Reproduce only what runs from the line containing "Takht-e Tavoos - Inside" to the line containing "London Blue Topaz" in the records below, inclusive. Keep it exact, and keep the pictures out.

# Records for this exercise
┏━━

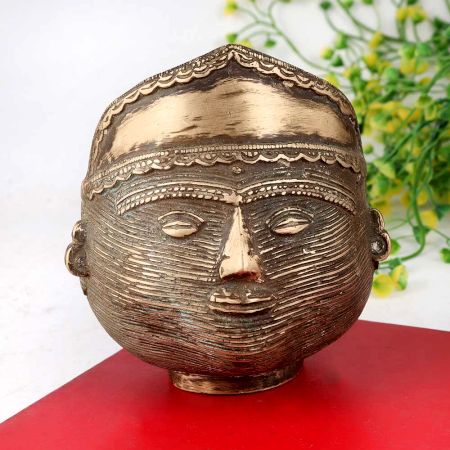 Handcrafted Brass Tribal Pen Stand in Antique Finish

┗━━
┏━━

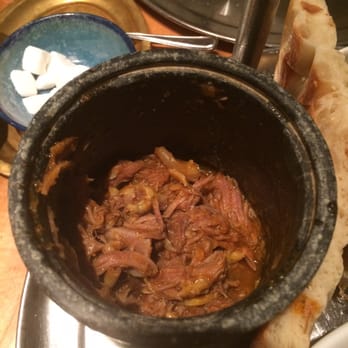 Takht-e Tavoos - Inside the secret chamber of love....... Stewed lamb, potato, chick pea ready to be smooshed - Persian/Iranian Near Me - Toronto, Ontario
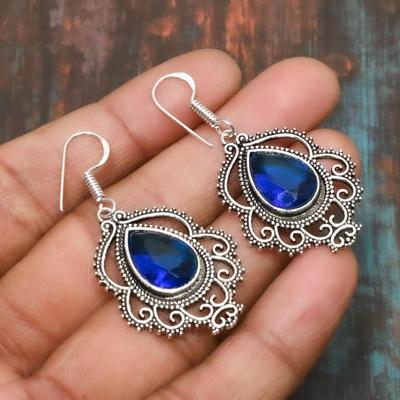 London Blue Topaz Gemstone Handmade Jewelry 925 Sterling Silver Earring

┗━━

# Solution for this problem
 Takht-e Tavoos - Inside the secret chamber of love....... Stewed lamb, potato, chick pea ready to be smooshed - Persian/Iranian Near Me - Toronto, Ontario
 London Blue Topaz Gemstone Handmade Jewelry 925 Sterling Silver Earring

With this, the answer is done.